Kenilworth Castle

Kenilworth Castle

Top Tourist Attractions

Kenilworth Castle, in the town of Kenilworth in Warwickshire, England, was founded during the Norman conquest of England; with development through to the Tudor period. The first castle was established in the 1120s by the royal chamberlain, Geoffrey de Clinton, who built most of the Norman keep.

Kenilworth Castle

Kenilworth Castle is a castle in the town of Kenilworth in Warwickshire, England which was founded during the Norman conquest of England.

A vast medieval fortress that endured a famous siege and later became an Elizabethan palace, Kenilworth Castle is among Britain’s biggest historical sites. Experience 900 years of history as you can marvel at the mighty medieval keep, climb the towers to admire the fantastic views, and imagine the majesty of the Great Hall.

Highlights:

It is thought that a castle has stood at Kenilworth in Warwickshire, since Saxon times. The original structure was likely destroyed during the wars between the Saxon King Edmund and Canute, King of the Danes.

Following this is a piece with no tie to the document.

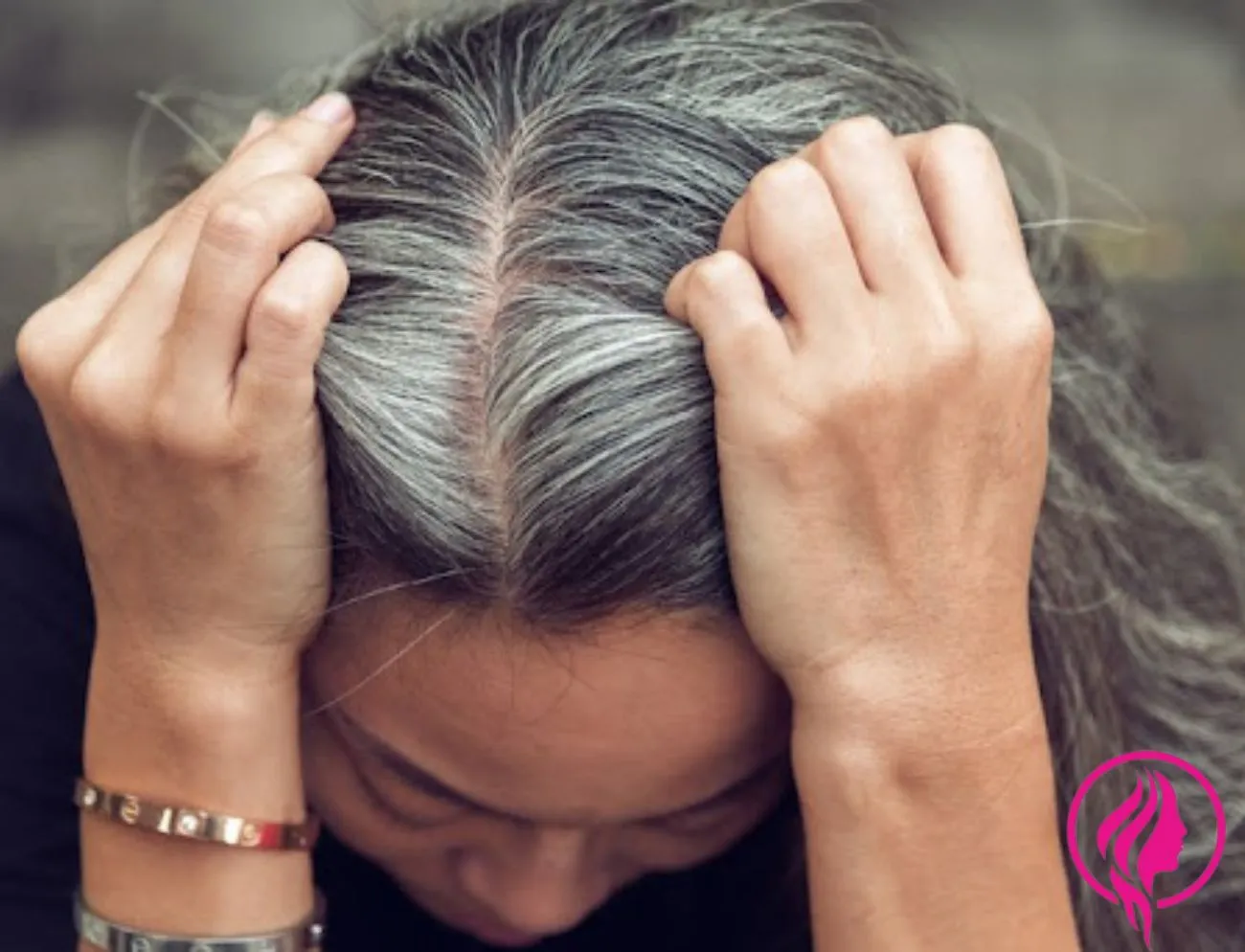 white hair,why do we get white hair,white hair removal,white hair to black hair naturally,laser white hair removal treatment,white hair permanent removal by electrolysis.,electrolysis white hair removal near me,white hair removal by electrolysis,grey hair,white hair in young age,premature white hair home remedies,white hair treatment,reason of white hair in young age,how does electrolysis work to remove hair?,why do we get white hair at young age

The castle was presented to Kenilworth in 1958, on the 400th anniversary of the accession of Elizabeth I to the throne. At the heart of the latest restoration project is a new exhibition that tells the story of one of England’s most famous love stories – between Queen Elizabeth I and Sir Robert Dudley. It includes Dudley’s last letter to Elizabeth, written six days before his death in 1588, which she is said to have kept in a casket beside her bed until she died in 1603. Living history events take place at Kenilworth Castle throughout the year.

Tower Views

For the first time in 350 years, one can explore the full height of the tower built by Leicester to court Elizabeth I. Also, one can stand at floor level in the queen's private rooms and soak up the same spectacular views that she enjoyed.

Glimpse through the queen's private staircase and the long gallery where she could have private time with her most intimate friends. In 1575 these rooms were luxurious, elegant, and flooded with light from enormous glass windows.

Elizabethan Garden

Lost to the world for almost 400 years, this beautifully recreated Elizabethan Garden is a haven of peace and tranquillity, full of colour and fragrant walkways.

Approach through the loggia onto the terrace to start your tour, and for the best views over the garden and beyond. Then wander the pathways to discover the marble fountain, the ornate aviary, and the Earl of Leicester's emblem of the bear and ragged staff.

Leicester's Gatehouse

Visit the fascinating exhibition about the famous royal romance between the queen and her ambitious courtier, Robert Dudley. Built-in the 1570s, the imposing castle entrance was transformed into a private house after 1650. Today you can see how it looked when the last caretaker left in the late 1930s.

Explore the Elizabethan bedroom and Oak Room which contains a beautifully ornate alabaster fireplace that once stood in Elizabeth I's private rooms.

Castle And Its People

There are family-friendly displays in the interactive exhibition bringing Kenilworth's past to life. Housed in the magnificent Tudor stables, one can see how the castle has changed throughout its 900-year history, and what it looked like in its heyday.

Children can get hands-on with history as they try on dressing up in clothes. They can see, and touch, the mighty trebuchet balls which were hurled at Kenilworth Castle 800 years ago and have remained here ever since.

Castle Keep

The mighty keep, the heart of castle life for 500 years, was a defensive powerhouse, built three stories high with walls 14 feet wide. It is still a dominant feature of the castle today.

Great Hall

John of Gaunt's Great Hall was one of the finest of its kind and at the cutting edge of 14th-century architectural design.

Built to reinforce Kenilworth's position of power and wealth it played host to medieval monarchs and Tudor kings.

Stables Tearoom

The tearoom, within the magnificent Tudor timber-framed stables building, offers a delicious selection of cakes and light lunches, made from seasonal ingredients and sourced from local suppliers. Children's meals are also available.

It is a great place to visit as a part of English heritage. Not only are the grounds in remarkable condition, but there are lots of activities for the kids to explore.